*** Data in this exercise Section Begins ***

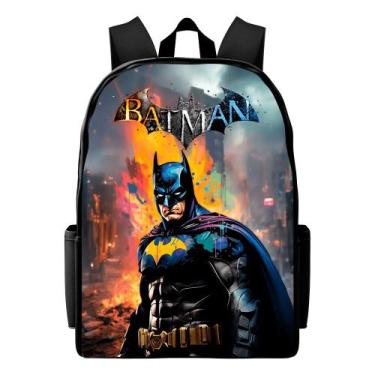 Imagem de Mochila Infantil Dia A Dia Masculina Batman Bolsa Escolar Lançamento T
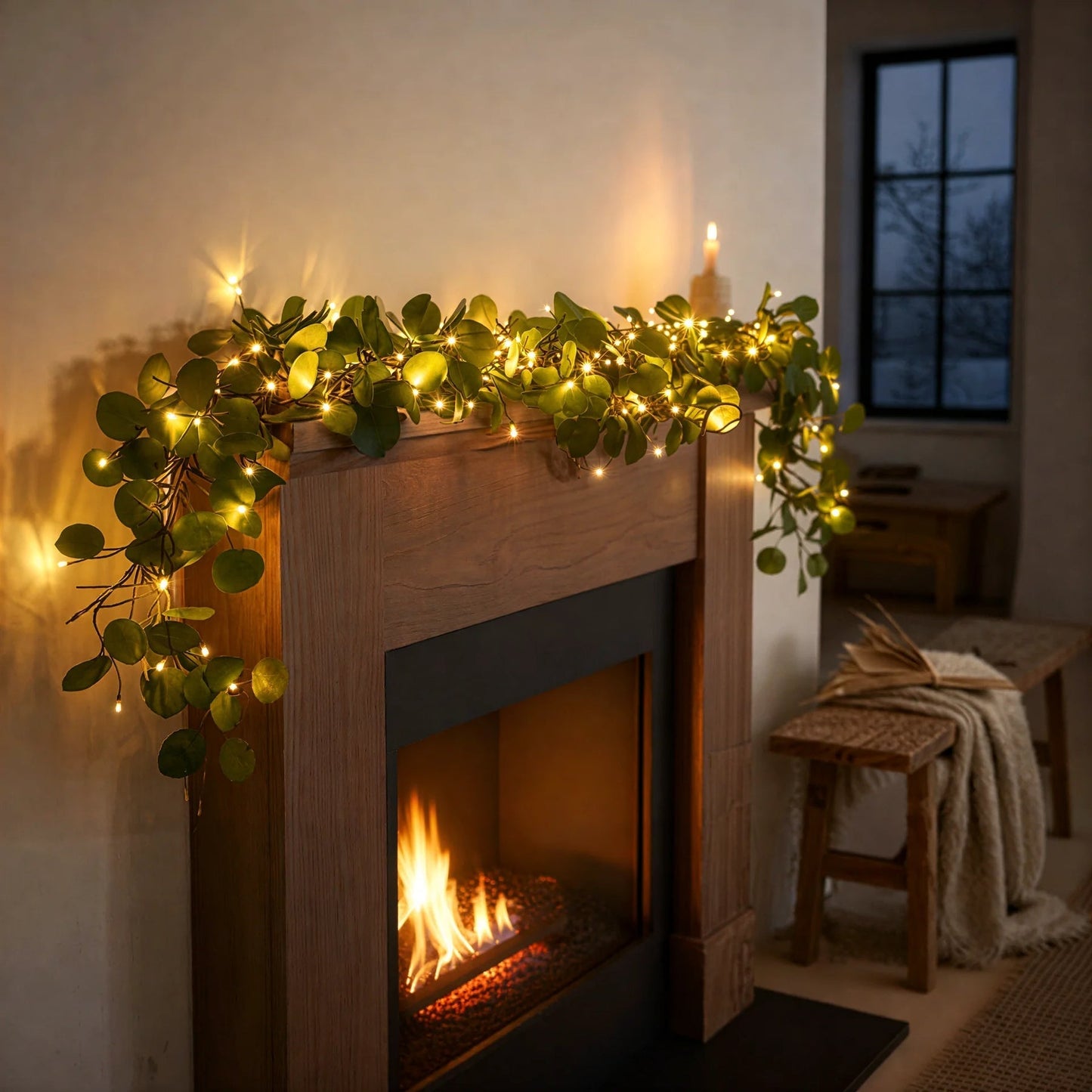 Sfeervolle Olijftak Lichtslinger (Draadloos)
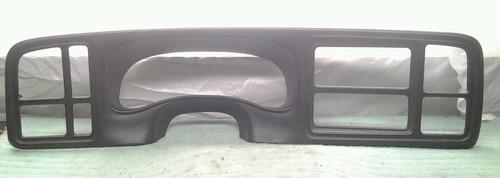 1999-2002 chevy gmc 1500 pickup truck dash trim bezel silverado sierra dark gray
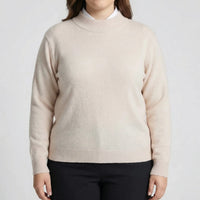 Plus Size Long Sleeve Sweater - Delia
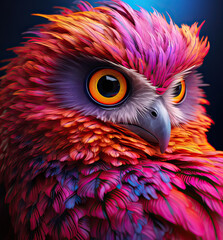 Multicolored owl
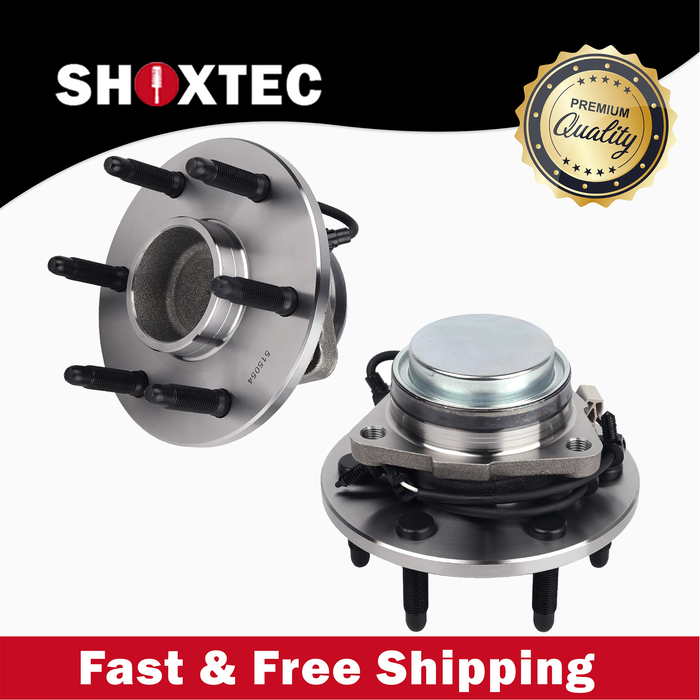 Shoxtec Front Wheel Bearing Hub Assembly Replacement for 2002-2006 Cadillac Escalade Avalanche Express Silverado Tahoe Savana GMC Sierra Yukon XL Express Savana Chevrolet Suburban Repl. no 515054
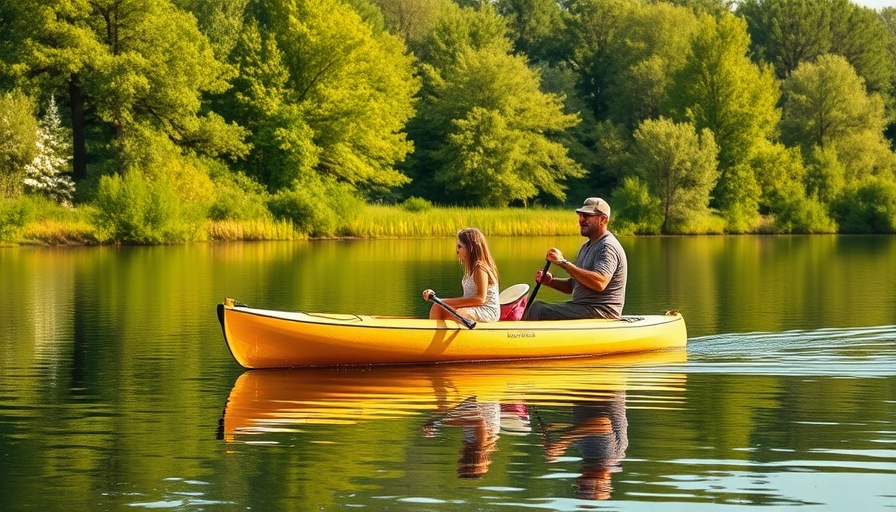 Father and daughter kayaking, welcome spring in Gaston County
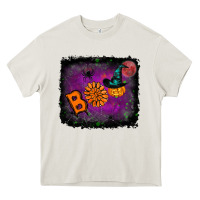 Cream boo gemstone halloween pumpkin Heavy Core Tee - RanaPortraitStore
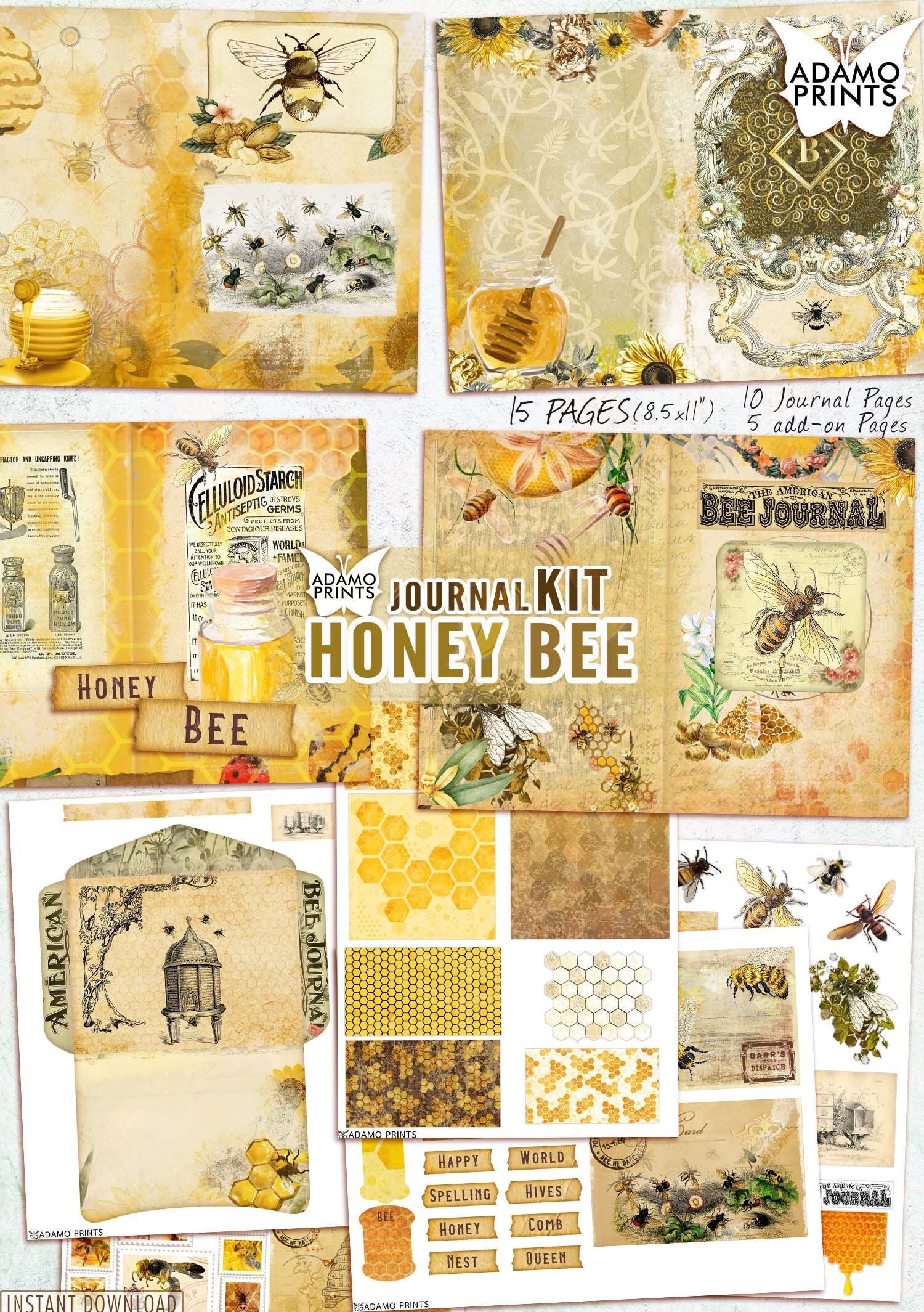 Honey Bee Journal Kit Busy Bee Beekeeper Journal Page Etsy UK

*** Data in this exercise Section Ends ***

Every record above, copied exactly and without a single picture, makes up the answer.

 Imagem de Mochila Infantil Dia A Dia Masculina Batman Bolsa Escolar Lançamento T
 Sfeervolle Olijftak Lichtslinger (Draadloos)
 1999-2002 chevy gmc 1500 pickup truck dash trim bezel silverado sierra dark gray
 Plus Size Long Sleeve Sweater - Delia
 Multicolored owl
 Shoxtec Front Wheel Bearing Hub Assembly Replacement for 2002-2006 Cadillac Escalade Avalanche Express Silverado Tahoe Savana GMC Sierra Yukon XL Express Savana Chevrolet Suburban Repl. no 515054
 Father and daughter kayaking, welcome spring in Gaston County
 Cream boo gemstone halloween pumpkin Heavy Core Tee - RanaPortraitStore
 Honey Bee Journal Kit Busy Bee Beekeeper Journal Page Etsy UK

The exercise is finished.